**Source records**
=======

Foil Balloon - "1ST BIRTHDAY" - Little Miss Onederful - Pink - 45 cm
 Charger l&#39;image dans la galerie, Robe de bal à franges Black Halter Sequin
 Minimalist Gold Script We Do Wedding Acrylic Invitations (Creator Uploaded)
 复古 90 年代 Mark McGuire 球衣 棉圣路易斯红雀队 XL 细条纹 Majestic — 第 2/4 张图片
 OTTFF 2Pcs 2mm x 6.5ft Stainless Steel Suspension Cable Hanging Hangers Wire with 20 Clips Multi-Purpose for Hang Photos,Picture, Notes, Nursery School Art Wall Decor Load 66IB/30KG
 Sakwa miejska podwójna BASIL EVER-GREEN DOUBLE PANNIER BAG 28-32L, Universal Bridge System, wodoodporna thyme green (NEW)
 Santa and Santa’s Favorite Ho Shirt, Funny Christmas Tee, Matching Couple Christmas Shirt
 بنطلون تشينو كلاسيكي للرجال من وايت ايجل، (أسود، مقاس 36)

=======

**Your objective**
Beginning at the first line above, repeat exactly until the line containing "Minimalist Gold Script", which is included.

**Written answer**
Foil Balloon - "1ST BIRTHDAY" - Little Miss Onederful - Pink - 45 cm
 Charger l&#39;image dans la galerie, Robe de bal à franges Black Halter Sequin
 Minimalist Gold Script We Do Wedding Acrylic Invitations (Creator Uploaded)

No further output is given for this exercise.